▶ _Source data_
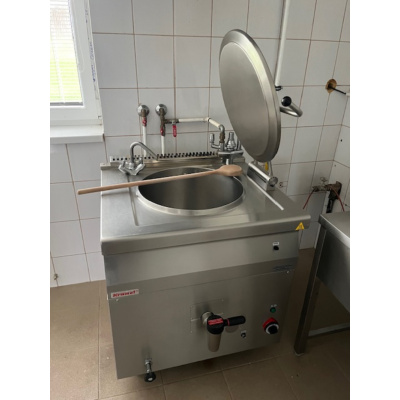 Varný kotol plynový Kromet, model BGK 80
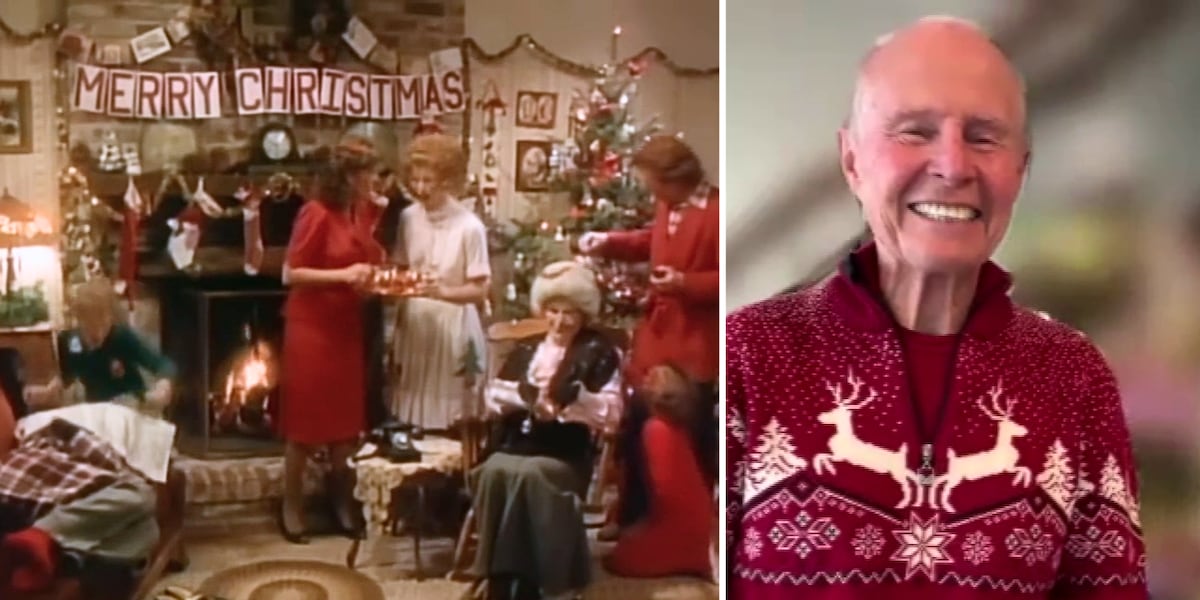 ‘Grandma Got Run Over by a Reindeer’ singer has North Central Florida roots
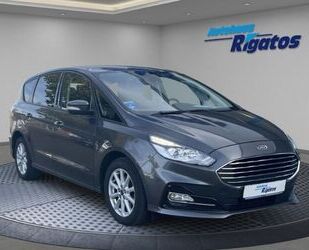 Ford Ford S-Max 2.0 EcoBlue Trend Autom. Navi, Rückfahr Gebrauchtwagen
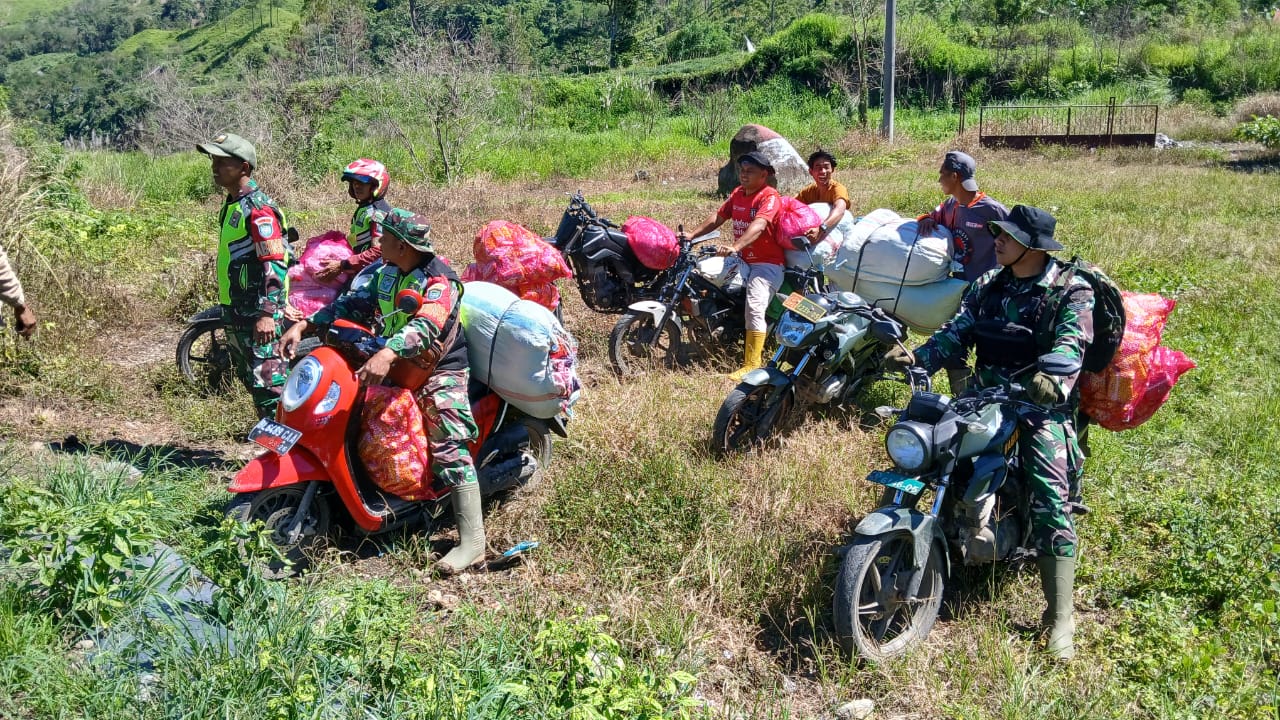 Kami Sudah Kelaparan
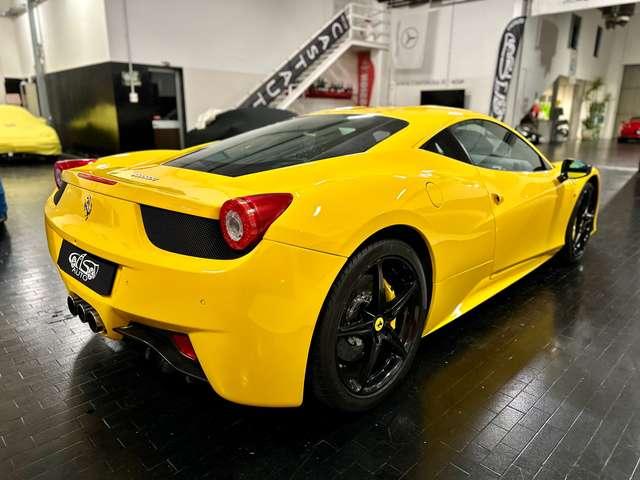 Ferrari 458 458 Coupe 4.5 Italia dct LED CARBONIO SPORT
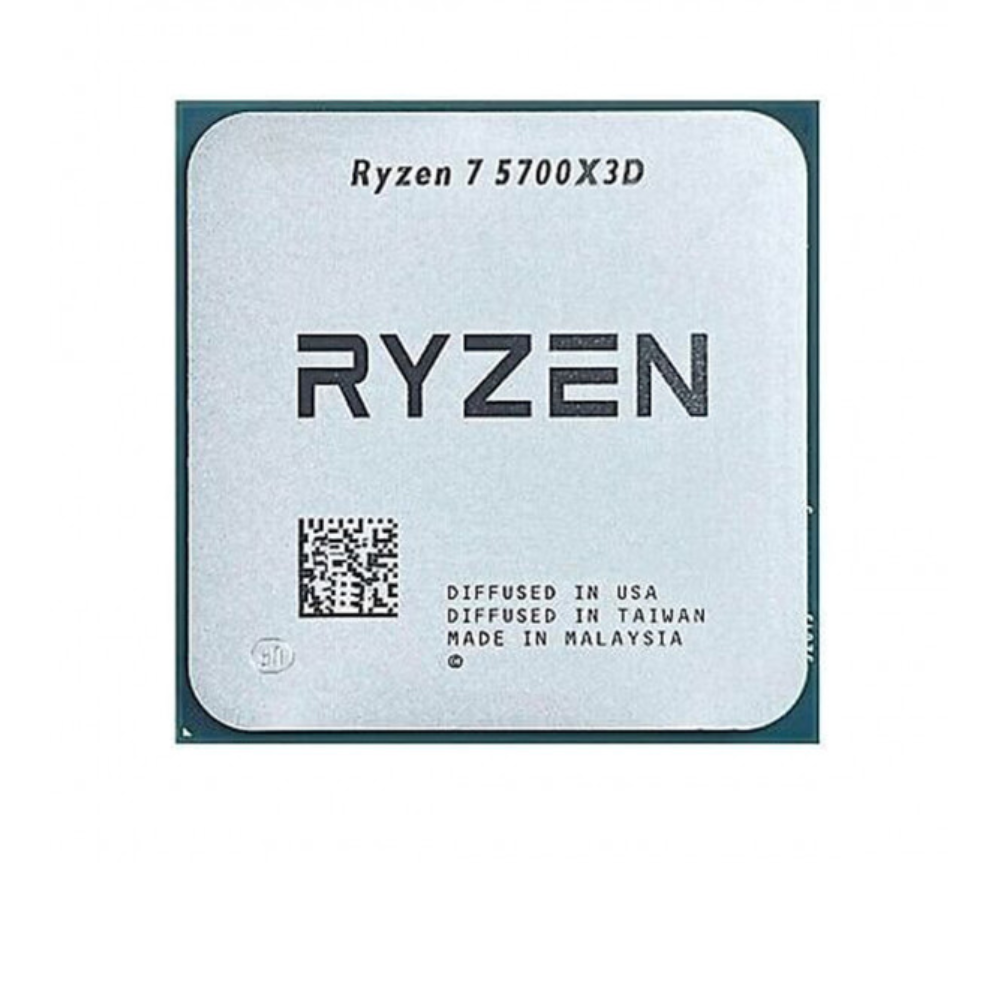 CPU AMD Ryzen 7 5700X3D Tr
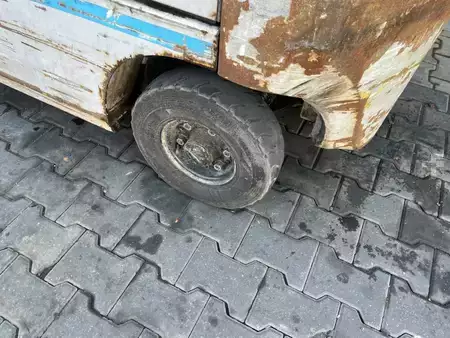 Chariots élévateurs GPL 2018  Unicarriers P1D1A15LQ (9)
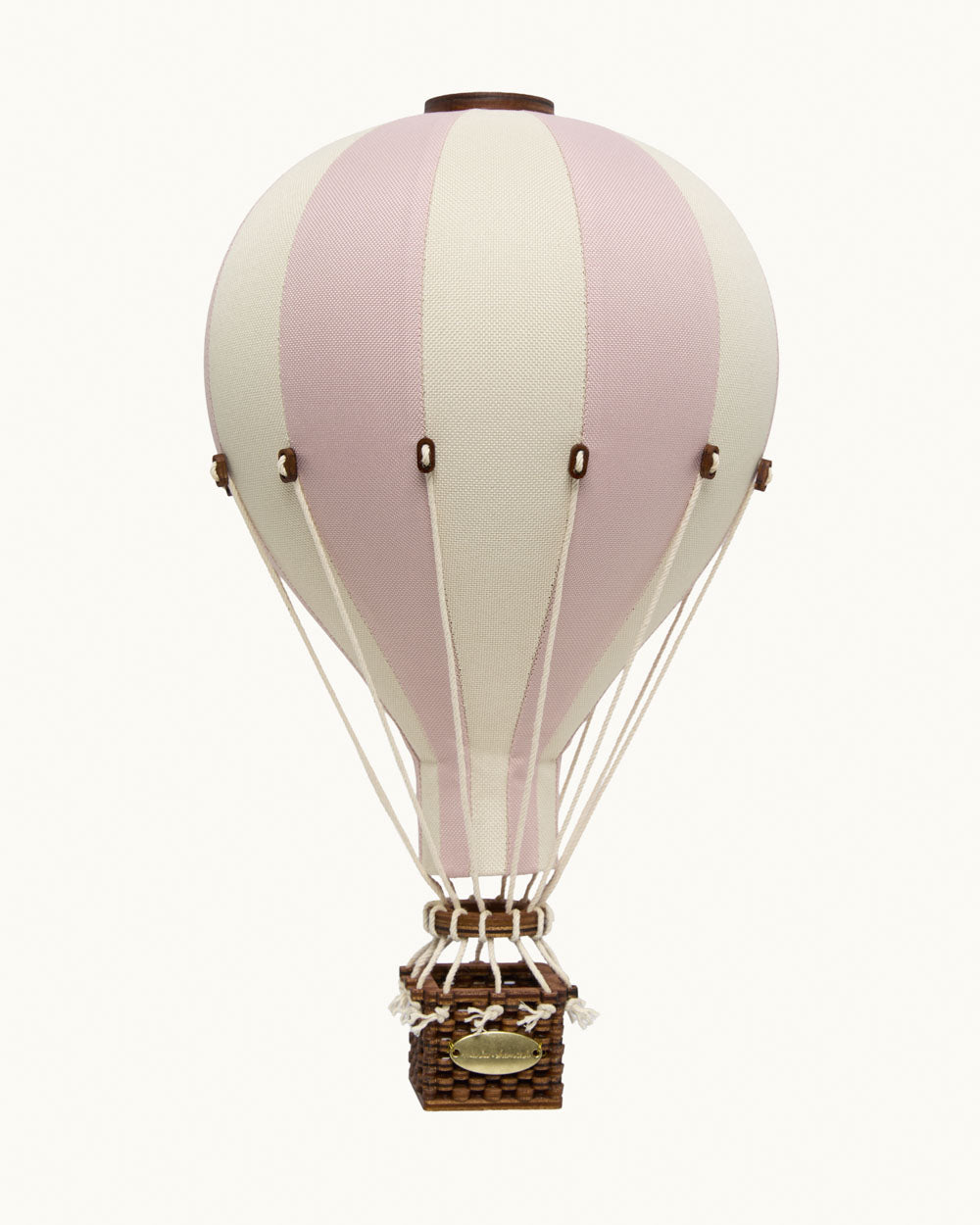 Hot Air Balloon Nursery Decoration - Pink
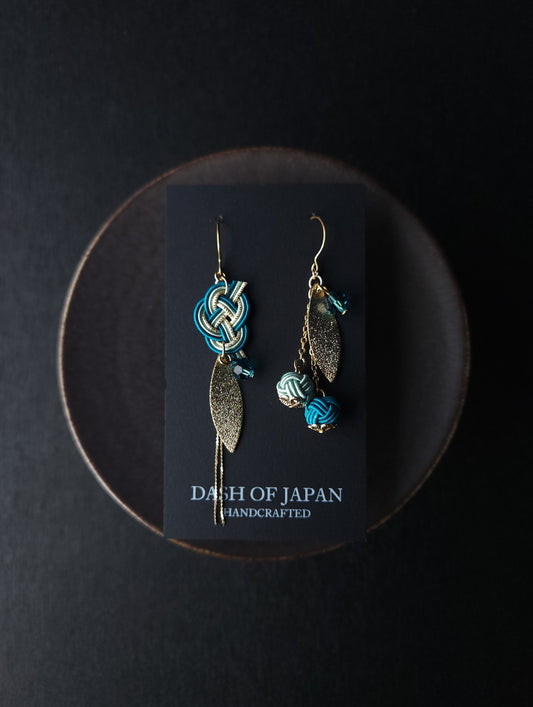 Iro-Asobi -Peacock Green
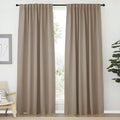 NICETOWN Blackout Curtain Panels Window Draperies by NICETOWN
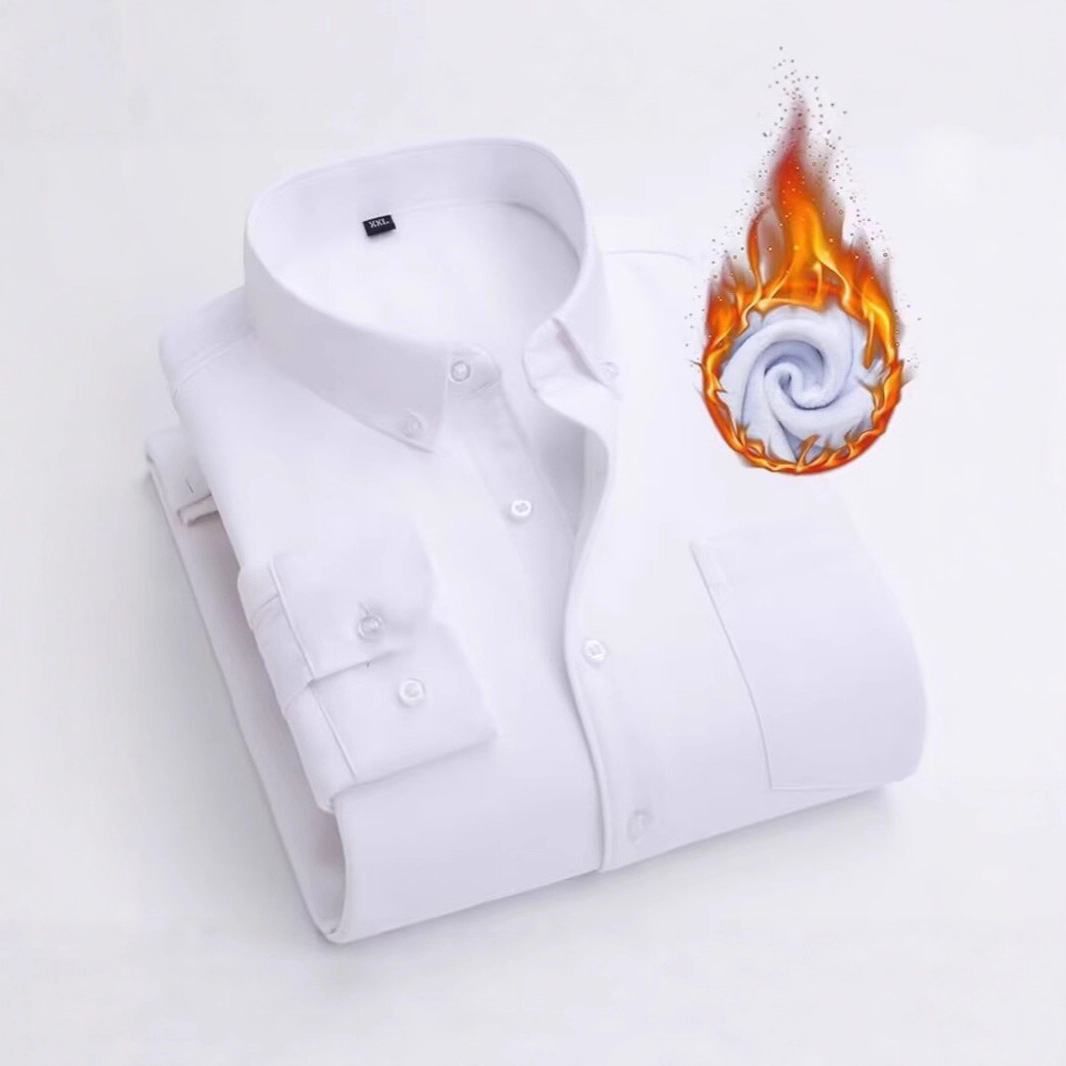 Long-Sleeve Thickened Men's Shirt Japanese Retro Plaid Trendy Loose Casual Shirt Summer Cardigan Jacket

▶ _The problem_
Retype the lines from the one containing "Chariots élévateurs GPL" down to the last line of the records, both included, exactly and nothing more. Pictures stay out.

▶ _The completed task_
 Chariots élévateurs GPL 2018  Unicarriers P1D1A15LQ (9)
 Hot Air Balloon Nursery Decoration - Pink
 Iro-Asobi -Peacock Green
 NICETOWN Blackout Curtain Panels Window Draperies by NICETOWN
 Long-Sleeve Thickened Men's Shirt Japanese Retro Plaid Trendy Loose Casual Shirt Summer Cardigan Jacket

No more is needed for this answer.